**Saved entries:**

▶

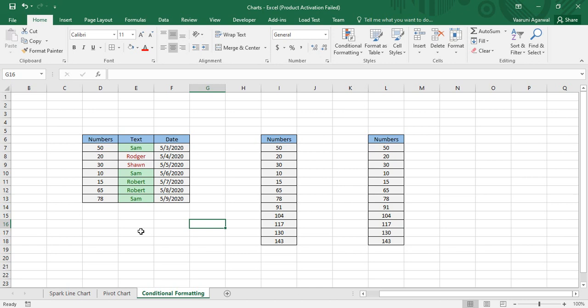Hey guys, welcome back to the YouTube channel Programming Knowledge. In today's Microsoft Excel tutorials video, we are continuing our lecture on conditional formatting. In the previous video we already saw how conditional formatting would be applied to textual and numerical data, so today we are going to see more applications of conditional formatting over different kinds of data, continuing from our previous lecture.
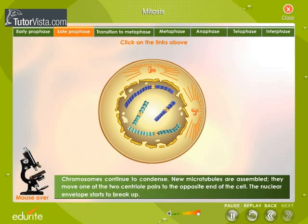Late Prophase: Chromosomes continue to condense. New microtubules are assembled, and they move one of the two centriole pairs to the opposite end of the cell. The nuclear envelope starts to break up.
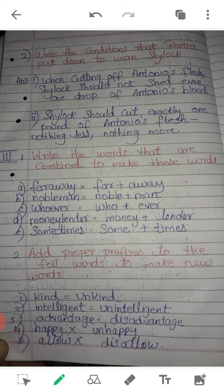Write the words that are combined to make each compound word. We have to separate these two words. Far away: far plus away. Nobleman: noble plus man. Whoever: who plus ever. Moneylender: money plus lender. Sometimes: some plus times.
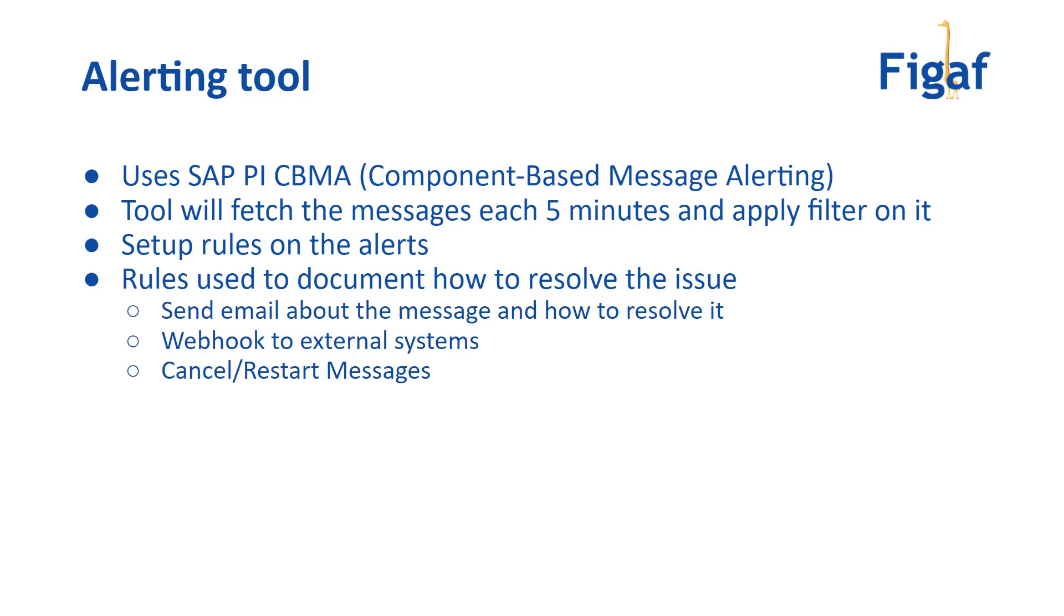You can set up specific rules on these with the filters. And on the rules could be something like send an email to a specific person saying, hey, you sent some master data that was not valid. This order is not correct. Please fix. And that thereby make it faster to resolve it. And the PI department do not need to look at this.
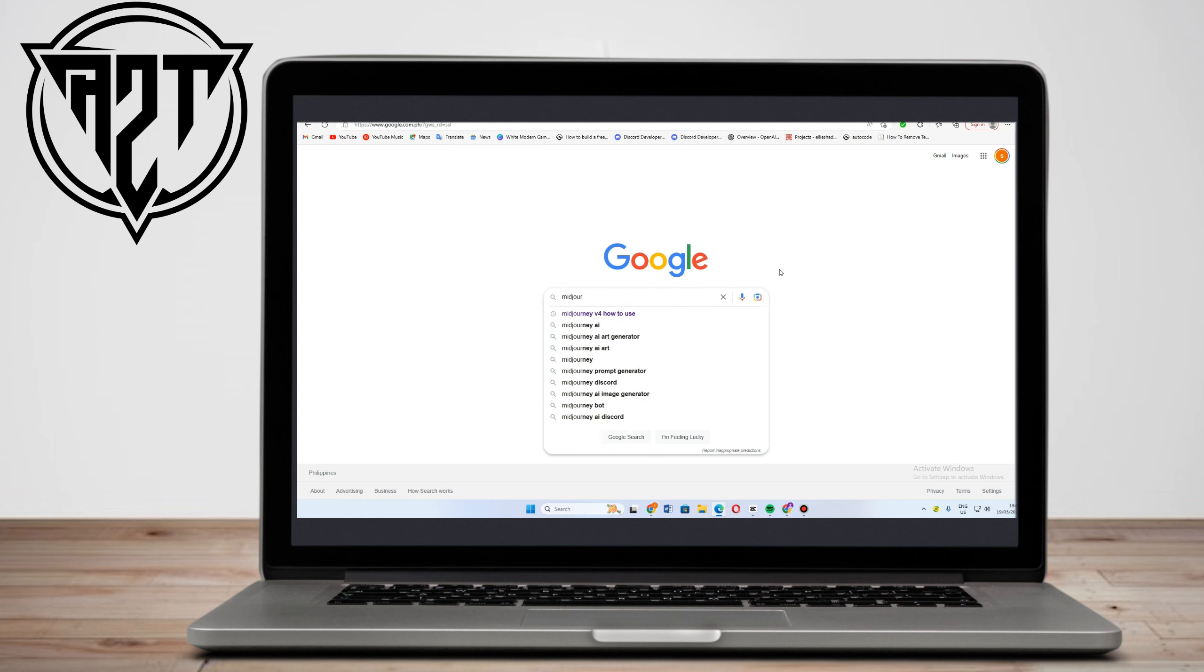In this video, I will be showing you how to create AI generated logos using Midjourney.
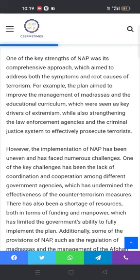However, the implementation of NAP has been uneven and has faced numerous challenges. One of the key challenges has been the lack of coordination and cooperation among different government agencies, which has undermined the effectiveness of counter-terrorism measures.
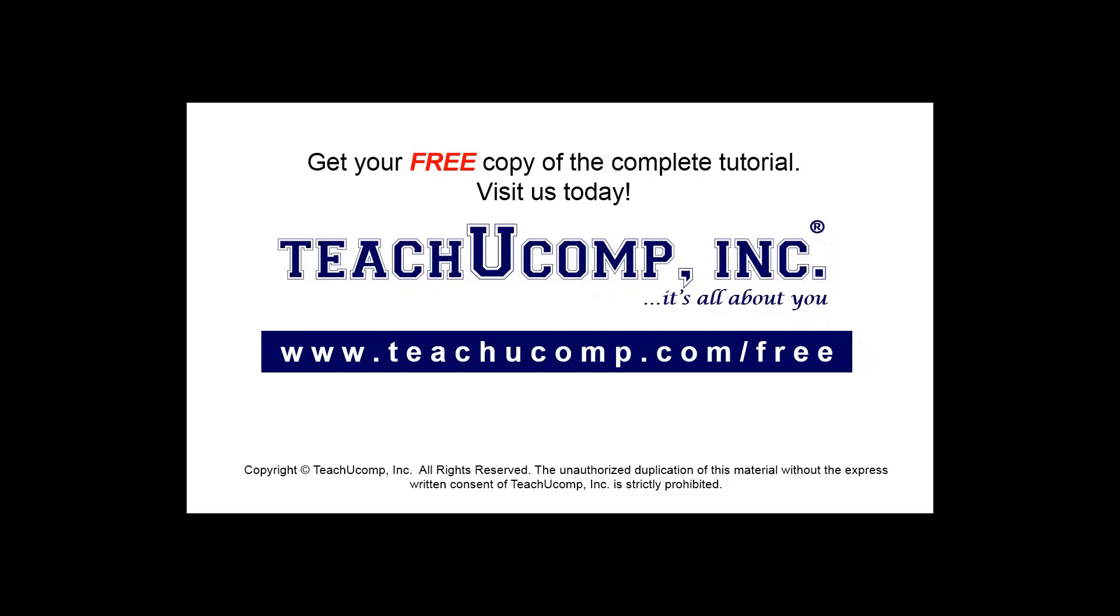Get your free copy of the complete tutorial at www.teachucomp.com/free.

◀

**Task:**
Every record must be duplicated exactly, except for the pictures, which are left out.

**Answer to this exercise:**
Hey guys, welcome back to the YouTube channel Programming Knowledge. In today's Microsoft Excel tutorials video, we are continuing our lecture on conditional formatting. In the previous video we already saw how conditional formatting would be applied to textual and numerical data, so today we are going to see more applications of conditional formatting over different kinds of data, continuing from our previous lecture.
Late Prophase: Chromosomes continue to condense. New microtubules are assembled, and they move one of the two centriole pairs to the opposite end of the cell. The nuclear envelope starts to break up.
Write the words that are combined to make each compound word. We have to separate these two words. Far away: far plus away. Nobleman: noble plus man. Whoever: who plus ever. Moneylender: money plus lender. Sometimes: some plus times.
You can set up specific rules on these with the filters. And on the rules could be something like send an email to a specific person saying, hey, you sent some master data that was not valid. This order is not correct. Please fix. And that thereby make it faster to resolve it. And the PI department do not need to look at this.
In this video, I will be showing you how to create AI generated logos using Midjourney.
However, the implementation of NAP has been uneven and has faced numerous challenges. One of the key challenges has been the lack of coordination and cooperation among different government agencies, which has undermined the effectiveness of counter-terrorism measures.
Get your free copy of the complete tutorial at www.teachucomp.com/free.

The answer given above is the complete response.